Aug 2015, Arjun Chennu

After months of preparation and careful execution, our dear hypersub system deployed in the Arctic coast was damaged by an iceberg (see previous article). We lost the chance to have our measurements continue into the winter, and perhaps also some of the instrumentation. Ok, icebergs can be hard opponents. Luckily, in our case we have the chance to try again. After our initial report of the damage, Dr. Carla Sands got permission from the SenseOCEAN project officer to extend the time line of our project participation. While it may be too late for “If at first you don't succeed, hide all evidence that you ever tried”, we are instead going for a different sort of retrial.

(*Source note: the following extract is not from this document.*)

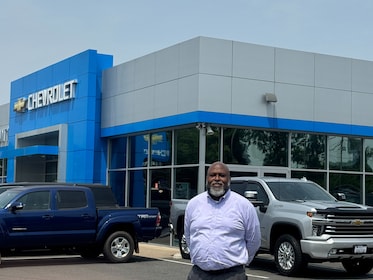 Staff member Sam Lartey-Mingle from ID_a488b62164c3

Last month, my colleague Dr. Hana Medova from MPI Bremen visited Ny-Ålesund. Working with the AWI diving team led by Prof. Philipp Fischer, they recovered (or salvaged?) the hypersub system from the seafloor. Without regular movement of the motorized sledge to counter it, I'm told the system was a big clump of algae on the sea-floor. However, apart from picking things up we also left something behind.

prep for deployment

We prepared a new system for deployment, but this time only consisting of a remotely-operable FRR fluorometer. Our SenseOcean partner Chelsea Technology Group (CTG) had kindly provided an instrument that we could use to replace the compromised one. Building upon this chance, we added a rotating dark chamber to the optical face of the instrument (See video). This should allow us to make measurements of the photosynthetic activity of phytoplankton at both ambient light, as well as dark adapted conditions. By measuring the fluorescent response at both these conditions, we should be able to estimate the gross photosynthetic production using methods developed by Dr. Kevin Oxborough, who is a principal scientist at CTG.

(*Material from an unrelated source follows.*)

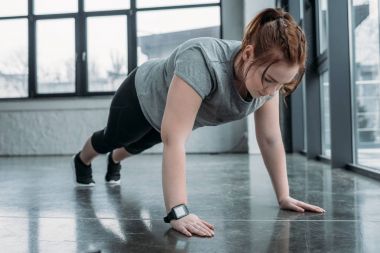 Spor salonunda push up gerçekleştirme kız kilolu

Back at Ny-Ålesund, this time in the bright Arctic summer, the FRRF and connecting electronics were re-assembled and plugged in to the underwater node. This time around, due to the small footprint of the instrument, we attached it to a concrete block next to other instruments. One of these instruments has a webcam that can provide a visual on our FRRf. So now, we have a spy to keep tabs on our spy. We will be watching the data stream closely, and hope to collect a unique long-term dataset of Arctic photosynthesis.